Last spring, Sunoco asked Media Borough for an increase in its temporary workspace on Borough-owned land along Chester Creek near Tunbridge Apartments in Middletown. The company also asked for an increase in the size of the permanent easement in that area. The Borough turned them down on both requests.
Sunoco has decided to ignore Media Borough’s rights. Now, the company has begun construction and tree clearing on property it has no right to be on. It has decided it is OK to trespass.
In the drone photo below, the red dashed line shows the approximate boundary of the space where Sunoco has permission to operate (the permanent pipeline easement and the temporary workspace it had previously obtained). The arrow indicates the area where Sunoco has laid down planking for an access road. The rectangular structure in the center of the photo is Sunoco’s existing valve station at the site. (It is used for older pipelines in the easement, but apparently will not be used for Mariner East.)
Sunoco is obviously using Media Borough’s land without permission. Sunoco (like its parent, Energy Transfer) clearly thinks it is above the law. Both ET and Sunoco have behaved this way in Pennsylvania many times before. ET’s most egregious violations involved illegally filling in dozens of streams and wetlands in constructing the Rover pipeline in western PA. (And of course, ET’s legal problems with the Dakota Access pipeline stem from building and operating the pipeline without getting the necessary permits first.) But Sunoco, too, has many violations along Mariner East. It has drilled illegally, rerouted streams illegally, removed trees illegally, and so on.
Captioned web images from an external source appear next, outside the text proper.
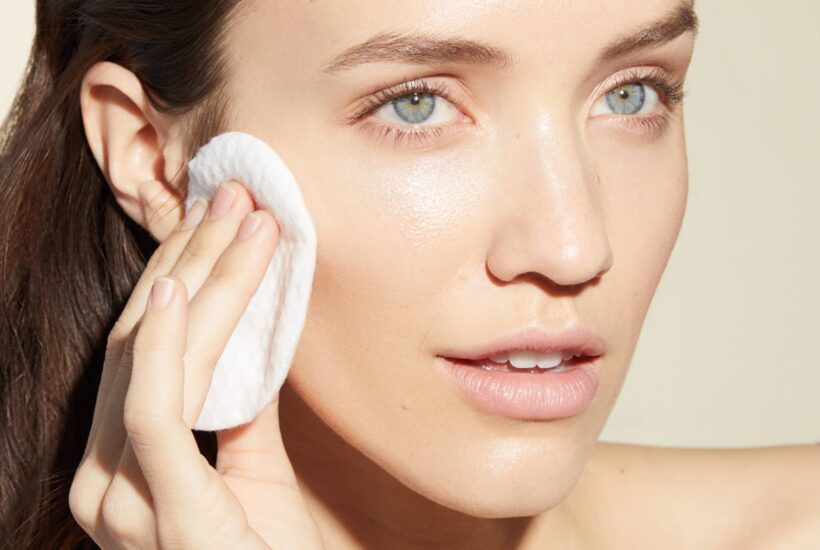 A Daily Skincare Routine for Beginners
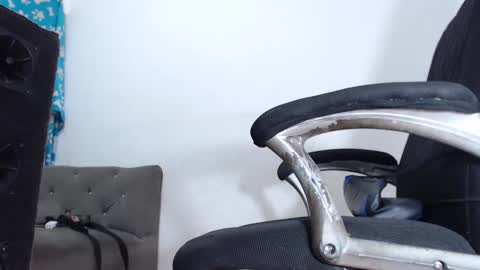 Snapshot of coco1269hard chatting on 01-11-25, 11:46 Joker Big dick online show from 01-11-25, 11:46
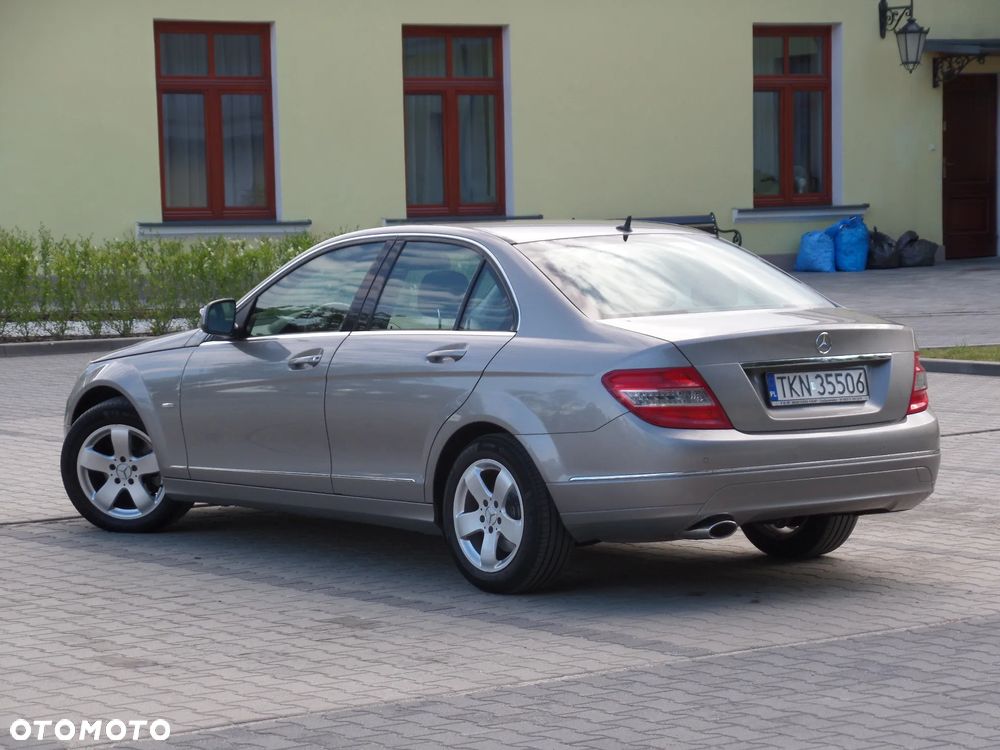 Mercedes-Benz Klasa C 220 CDI Elegance - 14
The question is: what should be done about Sunoco’s illegal behavior in this case? I can think of several things. Media Borough Council can start by sending a surveyor to mark the boundary of the existing “temporary work area” accurately. The Borough can post signs saying “No construction activity beyond this point”. It should insist that the plank road be removed. If Sunoco actually uses it, the Borough should call in the state police and have people arrested for trespassing. That would get their attention.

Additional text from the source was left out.